J Pharmacol Exp Ther. 1993 Dec;267(3):1161-7.
The role of the migrating motor complex (MMC) of the small intestine in the absorption of an enterally administered marker (tolfenamic acid, TA) used to investigate enterohepatic recycling was studied in the fasted dog. TA was rapidly and extensively absorbed in the duodenum as well as in the ileum. In contrast, the conjugated form of TA (CTA) was not absorbed in the duodenum but only in the ileum, i.e., after bacterial hydrolysis.
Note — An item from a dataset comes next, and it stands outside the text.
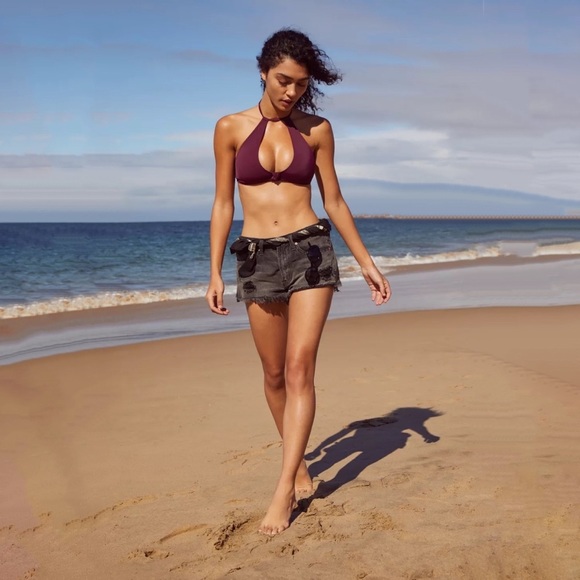 BDG Essential Mid Rise Distressed Black Cut Off Denim Shorts Size 28 - Picture 4 of 11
By administering CTA in the duodenum at different phases (I and II) of the MMC, it was shown that CTA had to be propelled from the duodenum to the ileum by the motor activity of the MMC. Under these conditions, the peak plasma TA concentration was only observed when phase II of the MMC present in the duodenum at the time of CTA administration arrived in the ileum. The estimated mean transit time of CTA from the duodenum to ileum was 45 min and the mean hydrolysis time of CTA to TA was about 75 min. It was concluded that 1) in the fasted dog, a relatively long delay must exist between bile excretion of a conjugate and the reabsorption of its free moiety in the ileum and 2) a realistic physiological model of enterohepatic recycling must take into account the MMC pattern of the intestine when drugs are administered to animals in the fasted state.
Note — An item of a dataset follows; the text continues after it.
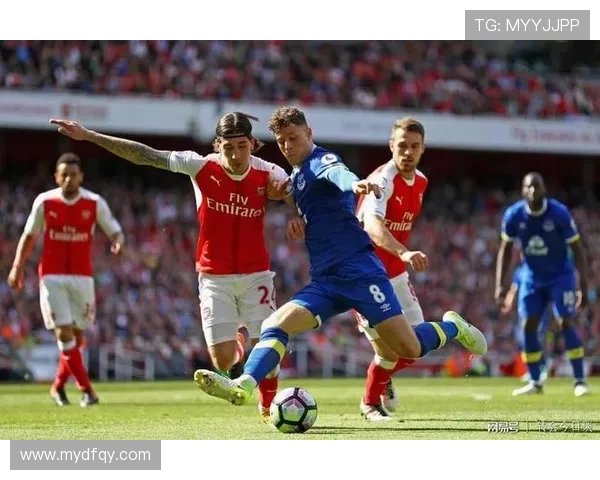 热刺正式报价利物浦求购罗宾逊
在禁食的犬体内研究了小肠移行性复合运动(MMC)在用于研究肠肝循环的肠内给药标记物(托芬那酸,TA)吸收中的作用。TA在十二指肠和回肠中均被快速且大量吸收。相比之下,TA的结合形式(CTA)在十二指肠中不被吸收,仅在回肠中被吸收,即在细菌水解之后。通过在MMC的不同阶段(I和II)于十二指肠给予CTA,结果表明CTA必须通过MMC的运动活性从十二指肠推进至回肠。在这些条件下,仅当给予CTA时十二指肠中存在的MMC的II期到达回肠时,才观察到血浆TA浓度峰值。CTA从十二指肠至回肠的估计平均转运时间为45分钟,CTA水解为TA的平均时间约为75分钟。得出的结论是:1)在禁食的犬体内,结合物经胆汁排泄与其游离部分在回肠中的重吸收之间必然存在相对较长的延迟;2)当在禁食状态下给动物给药时,肠肝循环的实际生理模型必须考虑肠道的MMC模式。